[Start of section]

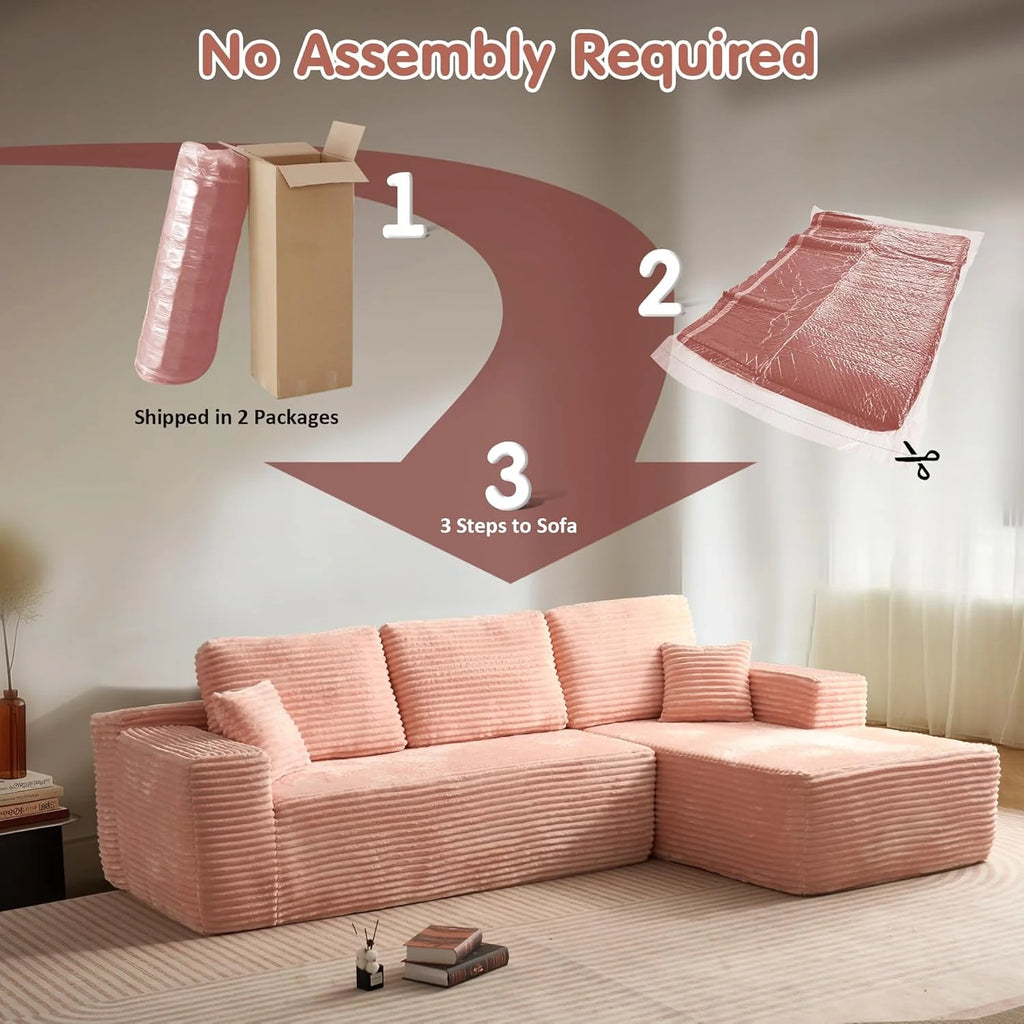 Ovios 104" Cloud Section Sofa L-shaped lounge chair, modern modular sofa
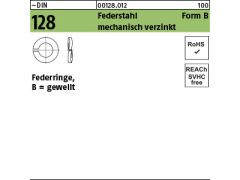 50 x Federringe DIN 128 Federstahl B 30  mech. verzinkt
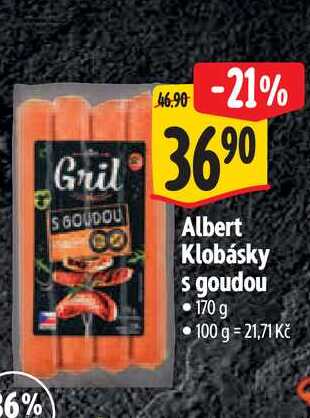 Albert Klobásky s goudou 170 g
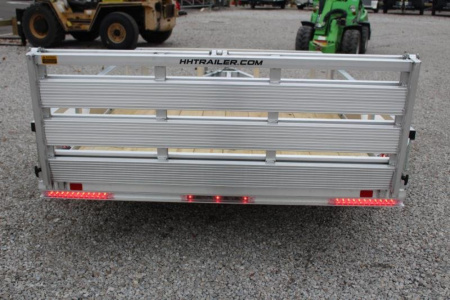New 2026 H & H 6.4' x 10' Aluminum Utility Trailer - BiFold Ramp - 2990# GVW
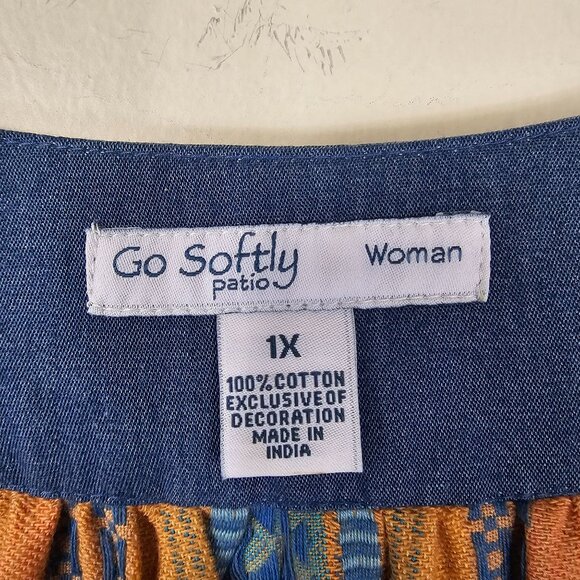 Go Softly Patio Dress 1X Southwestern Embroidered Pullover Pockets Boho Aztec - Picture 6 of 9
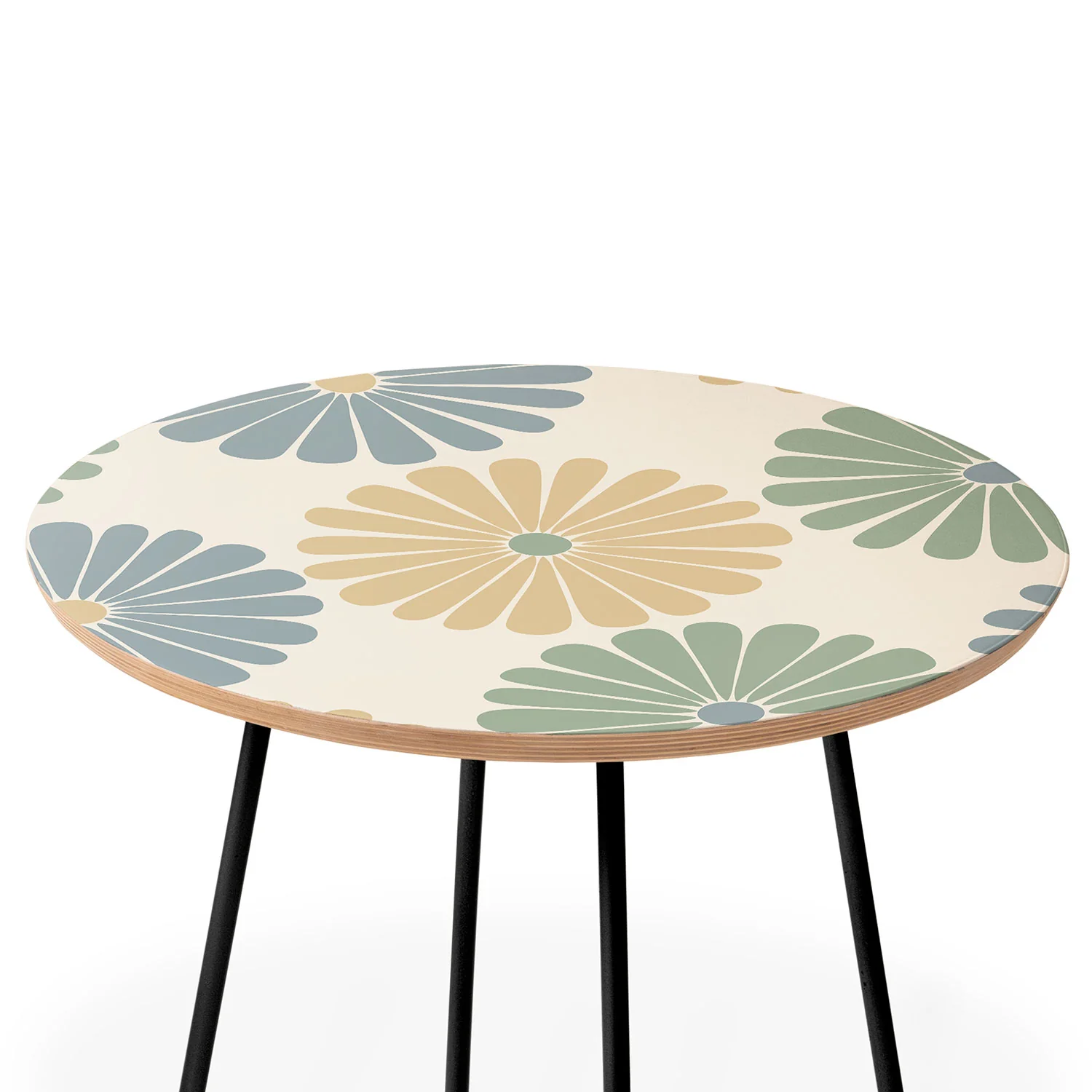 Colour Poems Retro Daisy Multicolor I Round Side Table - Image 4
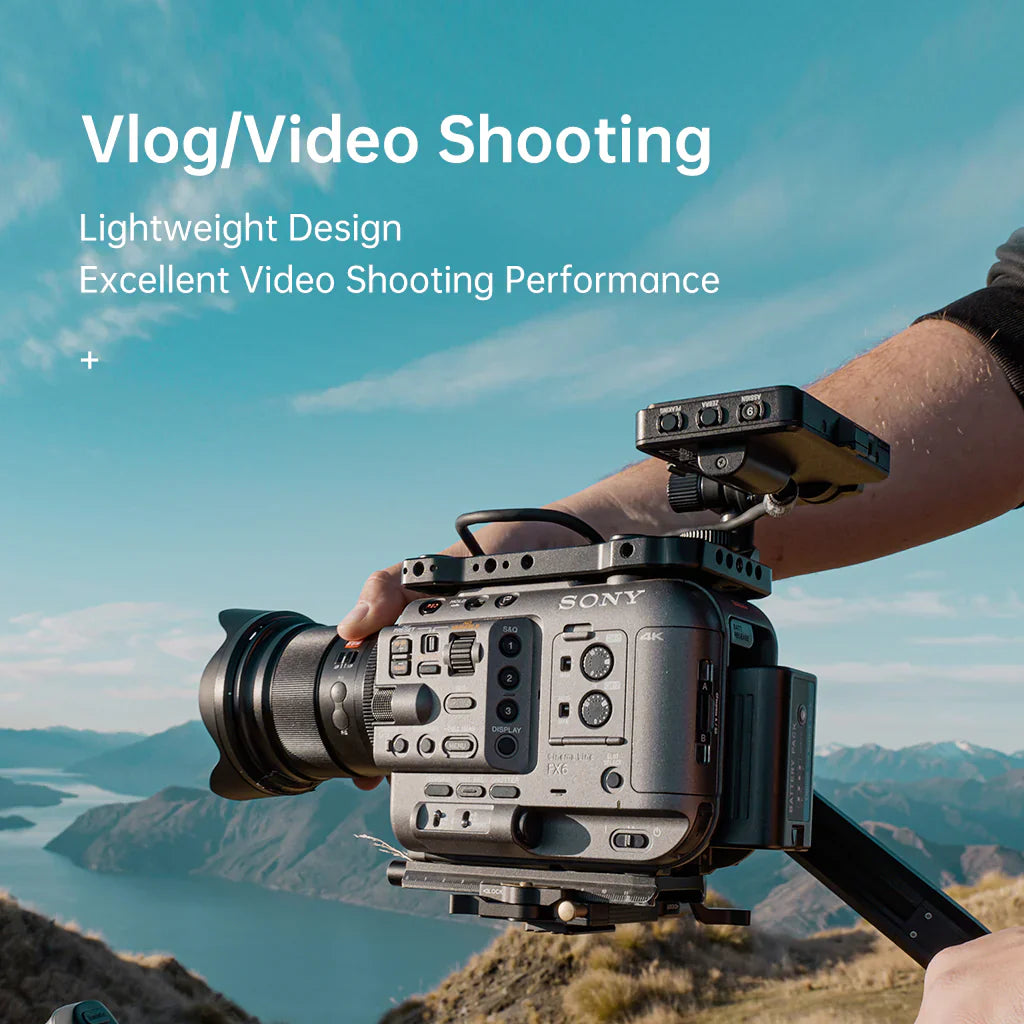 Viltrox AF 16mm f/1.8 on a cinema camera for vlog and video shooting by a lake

[End of section]
[Start of section]

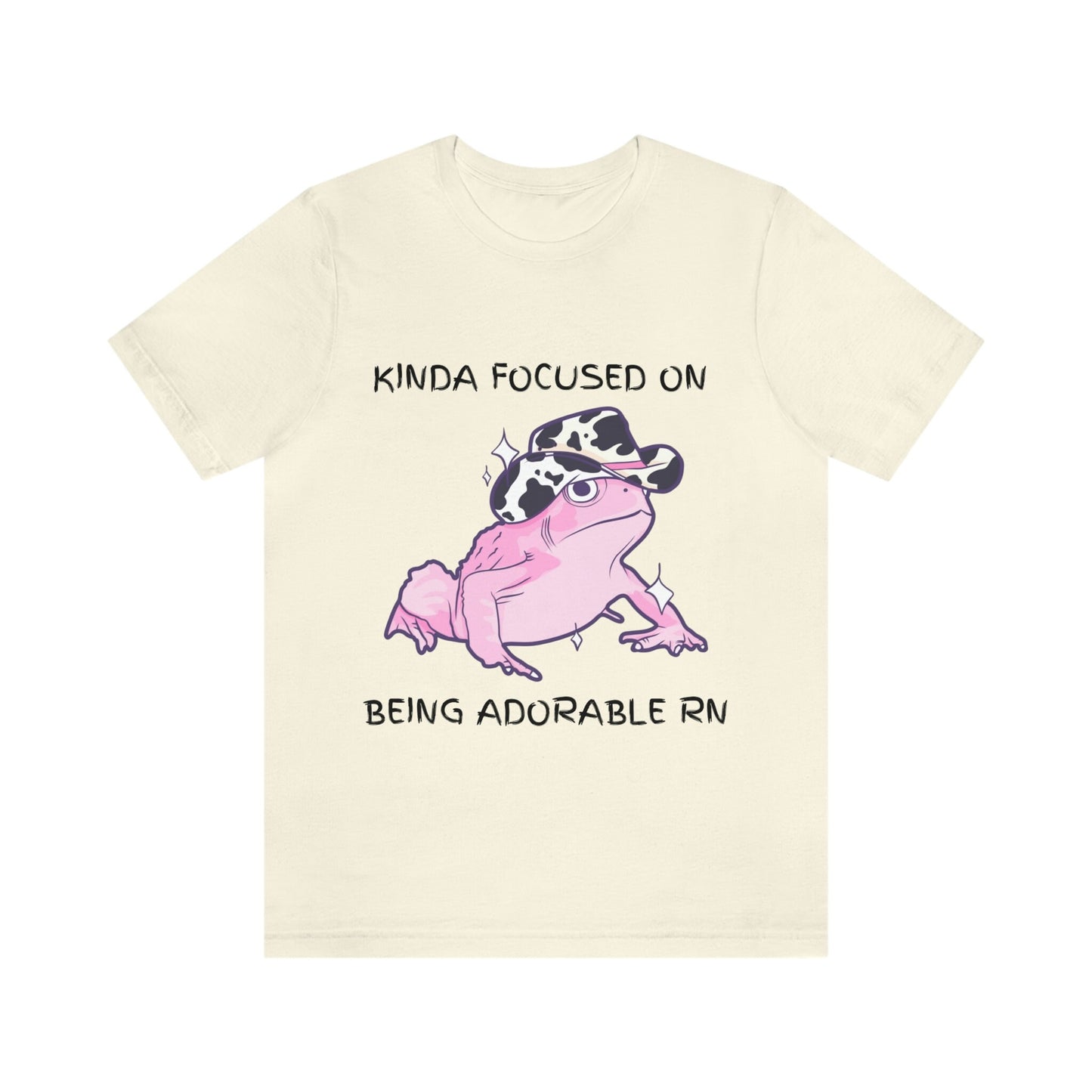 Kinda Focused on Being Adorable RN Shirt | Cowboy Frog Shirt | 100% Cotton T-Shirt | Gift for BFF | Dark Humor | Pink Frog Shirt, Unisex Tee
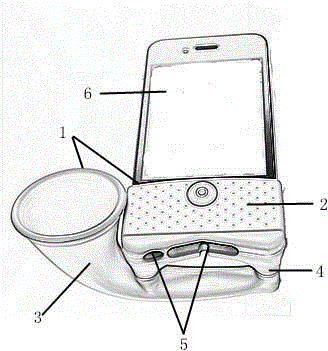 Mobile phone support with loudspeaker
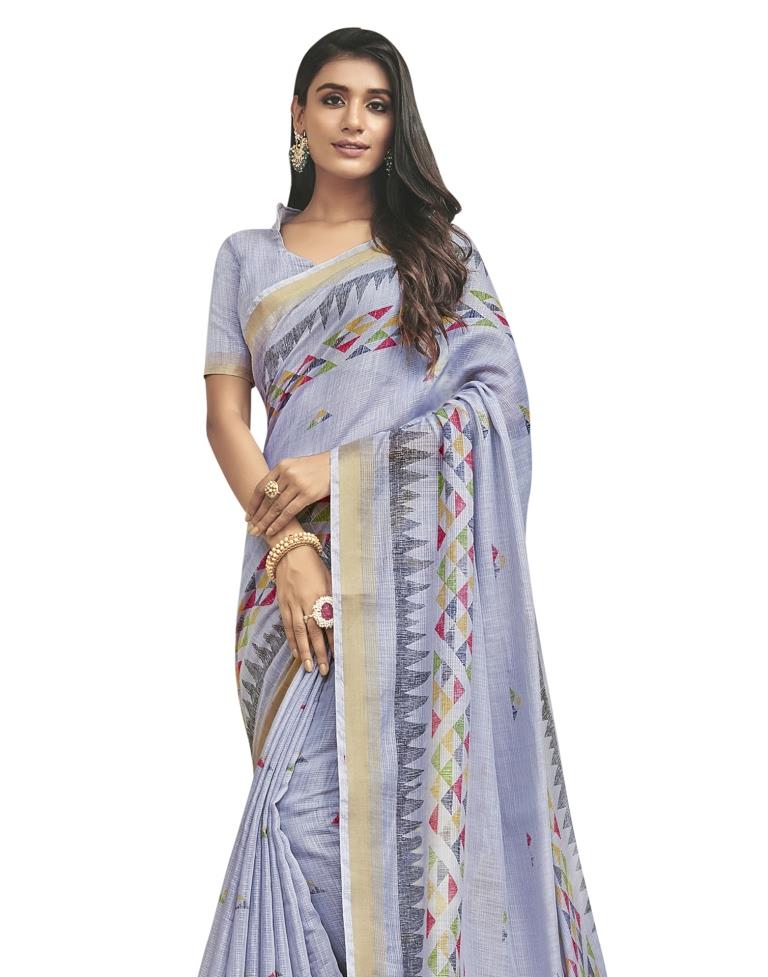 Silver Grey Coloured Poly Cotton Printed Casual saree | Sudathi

[End of section]
[Start of section]

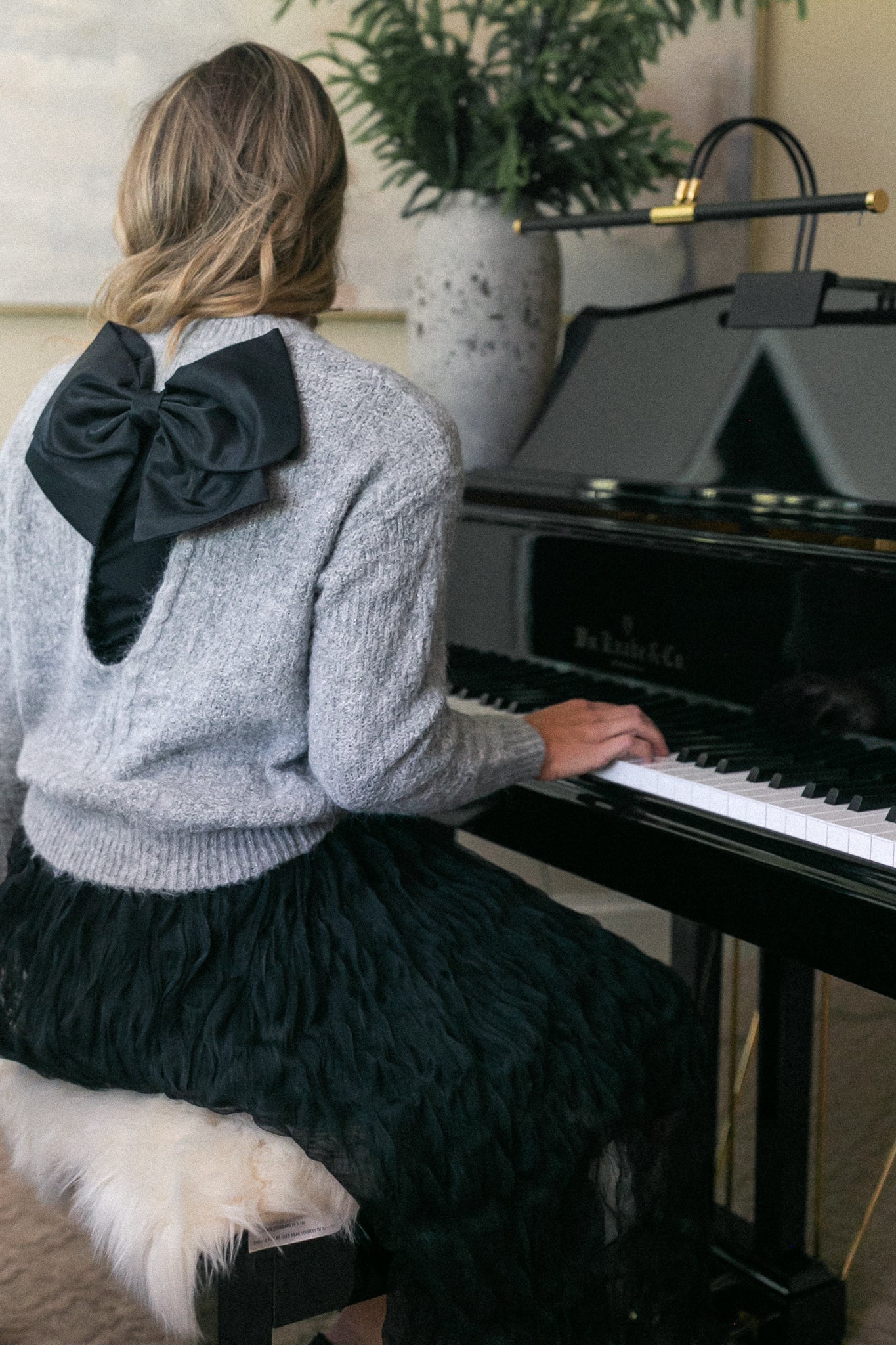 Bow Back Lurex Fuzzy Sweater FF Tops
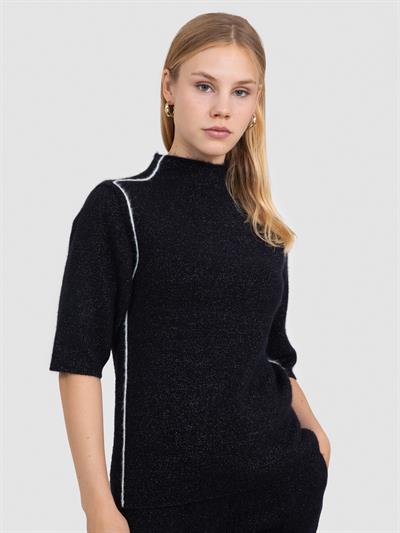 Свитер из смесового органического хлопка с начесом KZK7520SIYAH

[End of section]

YOUR ASSIGNMENT
Set down again, exactly, every line above from the one with "modern modular sofa" down to the one with "Colour Poems Retro", both ends included. No pictures, and nothing else.

REPLY
 Ovios 104" Cloud Section Sofa L-shaped lounge chair, modern modular sofa
 50 x Federringe DIN 128 Federstahl B 30  mech. verzinkt
 Albert Klobásky s goudou 170 g
New 2026 H & H 6.4' x 10' Aluminum Utility Trailer - BiFold Ramp - 2990# GVW
 Go Softly Patio Dress 1X Southwestern Embroidered Pullover Pockets Boho Aztec - Picture 6 of 9
 Colour Poems Retro Daisy Multicolor I Round Side Table - Image 4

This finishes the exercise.